Her leadership role in the Second World War is the stuff of legends, and rightly so: In most of the English-speaking world, the war meant sacrificing consumer goods and, for some, the lives of loved ones. For the British, it meant enduring Hitler’s onslaught and remaining unbowed and unbroken even as London and other historic cities were laid waste. To the modern mind, it seems almost unbelievable that they could have believed in their cause so much that they’d absorb that kind of damage without seeking peace. Even 70 years later, the words of Winston Churchill, calling upon his people to fight and stay true to the struggle, are perhaps the greatest ever spoken in our language. Tiny Britain stood proudly alongside mighty America and the massive Soviet Union, and paid the price in blood and treasure.
Tragically, today, the United Kingdom’s days as a global military power, and international leader, seem to be numbered. Crippled by the enormous deficits necessary to prop up its welfare state and a sluggish economy hobbled by the global financial crisis, Britain is embarking on a series of deep spending cuts in a determined effort to save the economy and financial credibility of their nation. The cuts are sweeping and widespread, and the British military has not been spared its turn at the chopping block.
The cuts are deep and will be spread across all the armed services.
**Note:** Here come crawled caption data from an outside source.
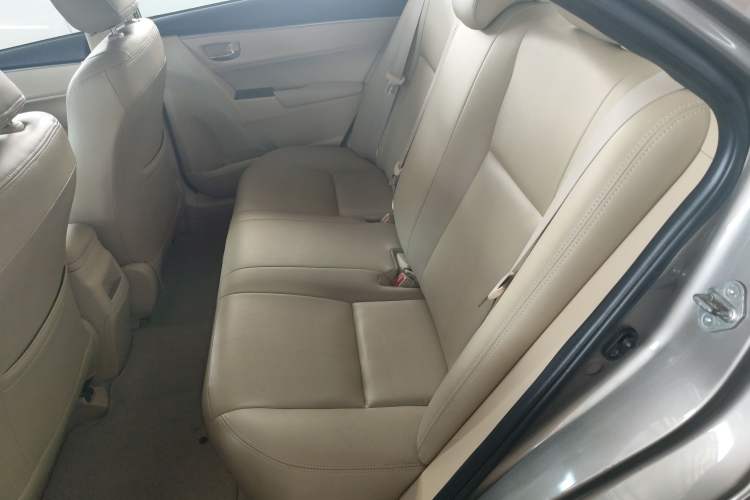 Used Toyota Corolla 2014 1.6L CVT GL-i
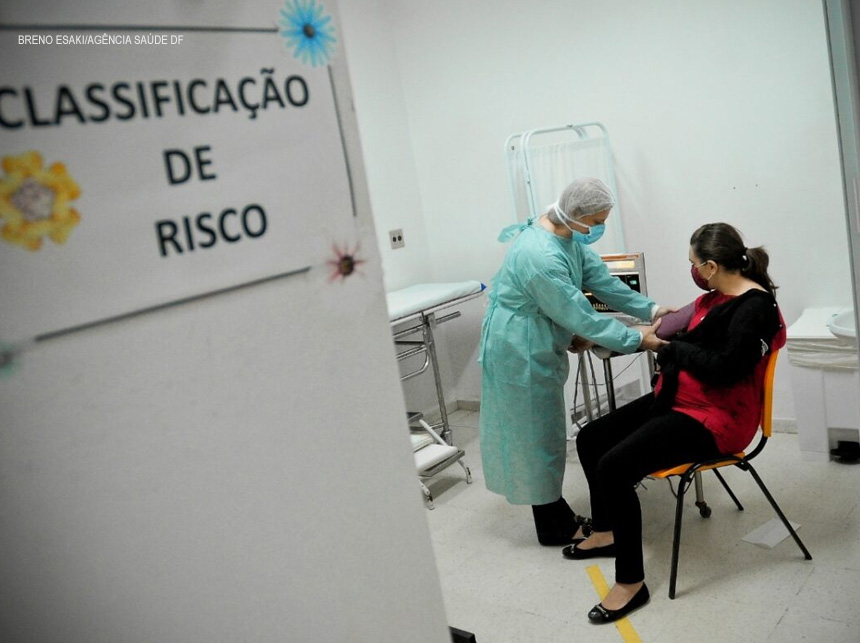 Quais as diferenças entre os sintomas da Covid-19 e dengue?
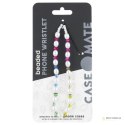 Case-Mate Universal Beaded Phone Wristlet - Zawieszka z koralikami do telefonu (Jelly Bean Pearl)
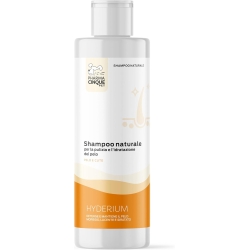 Hyderium - Shampoo Naturale per Animali 200 ml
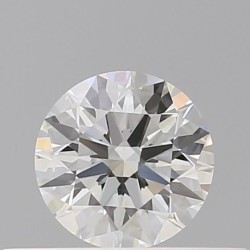 Diament szlif okrągły, 0.31ct, VVS1, G, GIA 6531653113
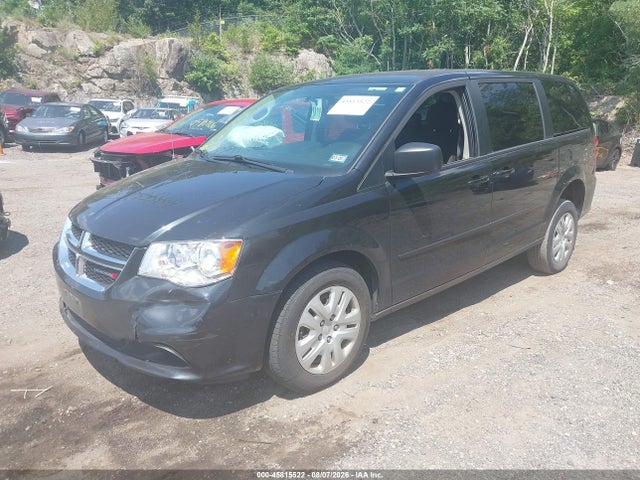 Продаж на аукціоні авто 2017 Dodge Grand Caravan Se, vin: 2C4RDGBG3HR864119, номер лоту: 45815522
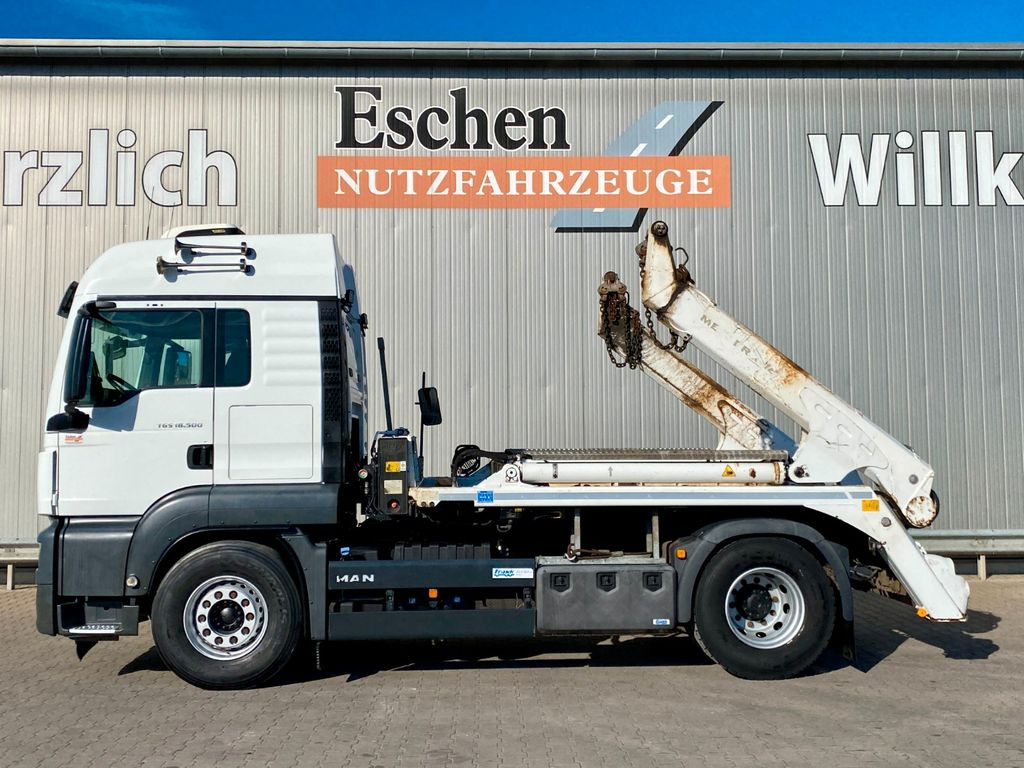 MAN TGS 18.500 LL*LX*MEILLER AK12T*Funk*Retarder*TOP - شاحنة لودر انزلاقي: صورة 3 MAN TGS 18.500 LL*LX*MEILLER AK12T*Funk*Retarder*TOP - شاحنة لودر انزلاقي: صورة 3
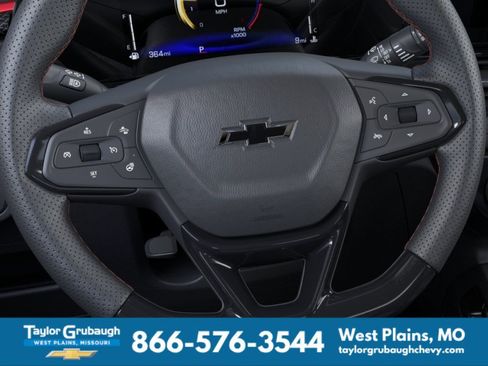 New 2026 Chevrolet TrailBlazer RS w/ Convenience Package FWD image 19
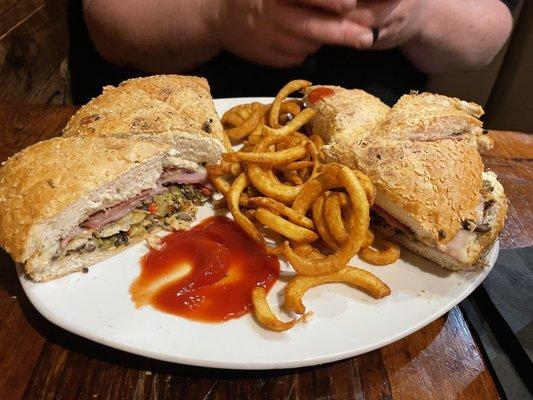 The Classic Muffaletta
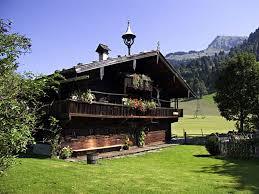 Bauernhausmuseum Hinterobernau Kitzbühel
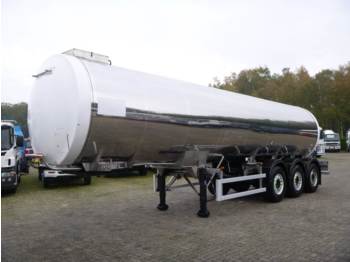 Clayton Food tank inox 30 m3 / 1 comp - Semirreboque tanque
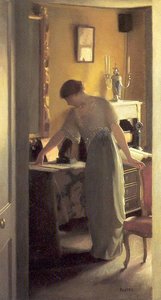 The Other Room — William Mcgregor Paxton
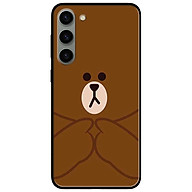 Ốp lưng dành cho Samsung S23 - S23 Plus - S23 Ultra - A34 5G - A54 5G mẫu Gấu Lin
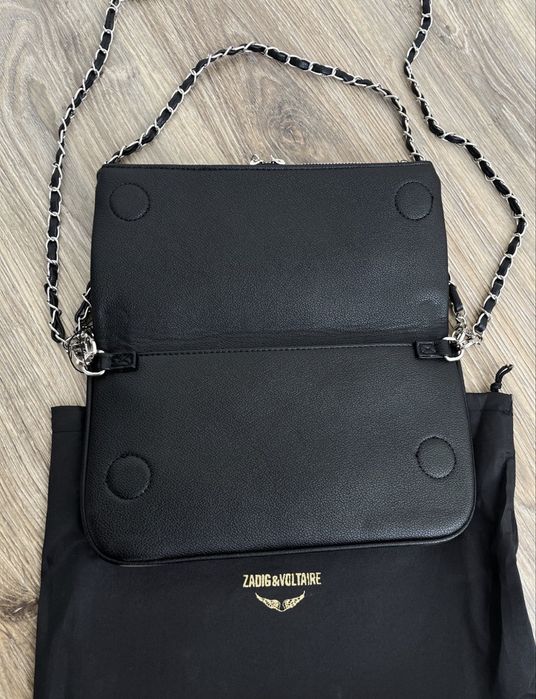 Сумка клатч Zadig & Voltaire Rock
The Army is losing a sixth of its striking power, 40% of its tanks, a third of its artillery and 7,000 men. The Navy and Air Force will both lose 5,000 personnel. The Navy will immediately decommission one aircraft carrier and while it will still complete both of the new carriers it had begun to build, one will be immediately put in reserve. The Air Force will see some of its refueling and reconnaissance capability trimmed. The future participation of the RAF in the F-35 fighter program is in doubt; the Harrier jump-jets have already been yanked from service. The country’s nuclear stockpile will be slashed by 25%, to 120 deployed warheads. Further, a series of military bases face closure, and over 20,000 civilian bureaucrats employed by the military will be let go. Even military pensions are being eyed for potential savings.
The cuts are arguably necessary, and as said above, they are targeting the whole of the British state. Over $130-billion U.S. dollars (Roughly £81-billion) will be cut from the federal budget by 2015, and a whopping 500,000 civil service positions will be cut. There are no sacred cows in the eyes of Britain’s budget hawks, everything must be cut back if the state is to save itself from financial ruin.
Even so, it truly is a remarkable paring back of British military power. When the cuts are complete, Britain will still field a modern, large military force, particularly for its size, but it will have given up its ability to independently project power at long ranges. In future conflicts, the U.K. will be a particularly useful member of an alliance or ad hoc coalition, but never again the leader. It’s future will probably be something similar to that of Canada and the Australia — modern, well-equipped forces capable of waging war or peacekeeping, but only as a partner in a much larger force.